**RECORDED INFORMATION**

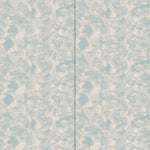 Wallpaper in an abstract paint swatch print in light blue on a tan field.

* * *

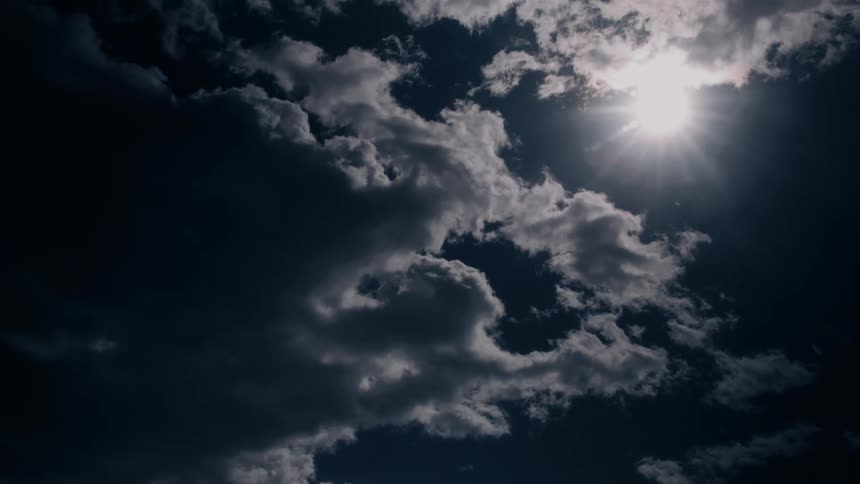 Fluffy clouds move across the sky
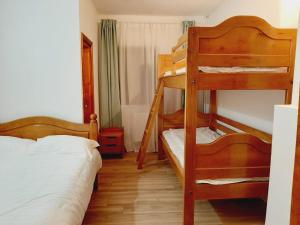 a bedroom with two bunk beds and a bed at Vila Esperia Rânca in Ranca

**EXERCISE GOAL**
Given the listing above, repeat exactly the lines starting at the one with "Fluffy clouds move across the sky" and ending at the one with "a bedroom with", inclusive, excluding pictures.

**SOLVED EXERCISE**
 Fluffy clouds move across the sky
 a bedroom with two bunk beds and a bed at Vila Esperia Rânca in Ranca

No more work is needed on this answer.